Enjoying a carousel ride together, Scott Komarek and his son Hudson, 2 1/2, took part in Tiblow Days in Bonner Springs. Enlarge photo

August 29, 2012

Mayor Clausie Smith called it in his State of the City address Thursday at the Annual Mayor’s Banquet, referring to the predicted rain Friday evening.

“If it takes Tiblow Days and a band concert to break the drought, then so be it,” Smith said.

While the weekend’s rain wasn’t enough to break the drought, it also wasn’t enough to put a stop to any of the events for Tiblow Days, Bonner Springs’ biggest annual festival.

The weekend began with the Mayor’s Banquet Thursday. Smith detailed the progress the city of Bonner Springs has made in the past year.

“You can be sure your tax dollars are being used wisely,” Smith said.

Sen. Jerry Moran gave an off-the-cuff keynote address at Thursday’s event and shared his experiences traveling the state as a U.S. Congressman and Senator, though he stayed away from discussing the issues in Washington, D.C.

“Perhaps there is an expectation that I might talk about what’s going on in our nation’s capitol, and for those of you who prefer that I don’t, I’m not gonna,” Moran said. “I think there’s lessons to be learned, much more important for me to see what’s going on in Bonner Springs and take that message back to Washington, D.C., than for me necessarily to come here and to attempt to tell you the details of why Washington, D.C. doesn’t work any better than it does.”

He said that in listening to Smith and talking to the attendees of the banquet, he learned that Bonner Springs was a special place to call home. The big-picture issues are important, he said, but his interest and passion were the issues that affect Kansans daily.

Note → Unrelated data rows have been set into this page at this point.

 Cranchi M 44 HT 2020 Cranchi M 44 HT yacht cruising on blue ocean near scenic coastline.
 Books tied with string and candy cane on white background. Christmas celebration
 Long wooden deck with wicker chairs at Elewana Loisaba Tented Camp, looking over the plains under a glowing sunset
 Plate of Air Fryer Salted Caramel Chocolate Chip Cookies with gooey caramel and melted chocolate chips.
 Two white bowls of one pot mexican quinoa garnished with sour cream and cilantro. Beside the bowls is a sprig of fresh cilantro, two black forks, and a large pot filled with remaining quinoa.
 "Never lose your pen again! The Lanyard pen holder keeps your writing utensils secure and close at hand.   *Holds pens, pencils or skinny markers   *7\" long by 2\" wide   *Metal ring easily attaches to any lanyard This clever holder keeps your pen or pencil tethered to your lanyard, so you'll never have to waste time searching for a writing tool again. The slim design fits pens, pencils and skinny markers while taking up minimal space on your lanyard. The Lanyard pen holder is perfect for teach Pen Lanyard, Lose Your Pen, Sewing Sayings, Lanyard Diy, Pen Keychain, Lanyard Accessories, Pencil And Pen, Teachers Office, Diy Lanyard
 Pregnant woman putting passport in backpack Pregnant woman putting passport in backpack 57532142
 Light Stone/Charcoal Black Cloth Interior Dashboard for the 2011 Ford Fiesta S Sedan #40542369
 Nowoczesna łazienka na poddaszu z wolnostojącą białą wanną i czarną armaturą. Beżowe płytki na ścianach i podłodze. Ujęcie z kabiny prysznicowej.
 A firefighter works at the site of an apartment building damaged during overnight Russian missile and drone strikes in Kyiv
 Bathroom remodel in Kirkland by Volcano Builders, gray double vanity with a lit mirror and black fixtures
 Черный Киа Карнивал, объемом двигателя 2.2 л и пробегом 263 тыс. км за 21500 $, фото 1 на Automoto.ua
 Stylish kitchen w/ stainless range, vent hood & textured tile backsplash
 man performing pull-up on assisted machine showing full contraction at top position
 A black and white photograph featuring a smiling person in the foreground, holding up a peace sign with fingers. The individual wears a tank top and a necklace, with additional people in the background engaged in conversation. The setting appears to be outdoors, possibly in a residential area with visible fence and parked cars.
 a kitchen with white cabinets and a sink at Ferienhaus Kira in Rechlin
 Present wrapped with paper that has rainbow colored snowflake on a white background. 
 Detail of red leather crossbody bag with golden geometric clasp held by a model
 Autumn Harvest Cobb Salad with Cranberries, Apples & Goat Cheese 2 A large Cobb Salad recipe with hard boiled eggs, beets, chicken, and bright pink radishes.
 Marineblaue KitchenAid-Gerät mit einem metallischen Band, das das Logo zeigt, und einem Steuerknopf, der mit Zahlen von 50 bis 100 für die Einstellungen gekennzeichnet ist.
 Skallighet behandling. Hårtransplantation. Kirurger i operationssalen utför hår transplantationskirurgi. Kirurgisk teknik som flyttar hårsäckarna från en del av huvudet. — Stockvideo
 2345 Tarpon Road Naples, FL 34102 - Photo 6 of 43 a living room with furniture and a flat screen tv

“While we often look to Washington, D.C., to find solutions to our problems — and we’re going to work to find those solutions — what we really ought to be focused on is what we can do in our own lives and our own communities to make a difference in other people’s lives and make our community a better place to live,” Moran said.

Moran added that he wanted to ensure that the Kansas way of life was continued for future generations, and that the government didn’t put too many hurdles in the way for that to continue.

The Marion Vaughn Community Service Award was presented to Carol Geary, who recently retired after 11 years as director of Vaughn-Trent Community Services. She started volunteering at a young age as a Sunshine Girl.

In Bonner Springs, she also has volunteered in the community in several other ways, including serving as president of the Friends of the Library and on the state board of the Friends of Kansas Libraries.

Geary kept her comments upon receiving the award brief, expressing that she was honored to be included among the other recipients of the award. She encouraged everyone to find a way to volunteer in their community.

“Find something you like and find an organization. There are so many places that need your help,” she said. “It is very, very rewarding. It doesn’t have to be a lifelong commitment, sometimes it’s only a few hours, but it can be just as much as you want it to be and those organizations will be really, really happy to have your help.”

The rain sprinkled on the participants of the Tiblow Trot Saturday morning but had mostly stopped by 9:30 a.m. for the parade.

The Tiblow Days Car Show had a goal of 75 entries and nearly made it, with 68 registering. But the morning’s light rain showers scared some car owners off, so the show included about 52 vehicles.

David Block, president of the Bonner Springs-Edwardsville Chamber of Commerce, which organizes the event, said the chamber estimated that overall attendance at the festival was down slightly, but the chamber was happy with the festival.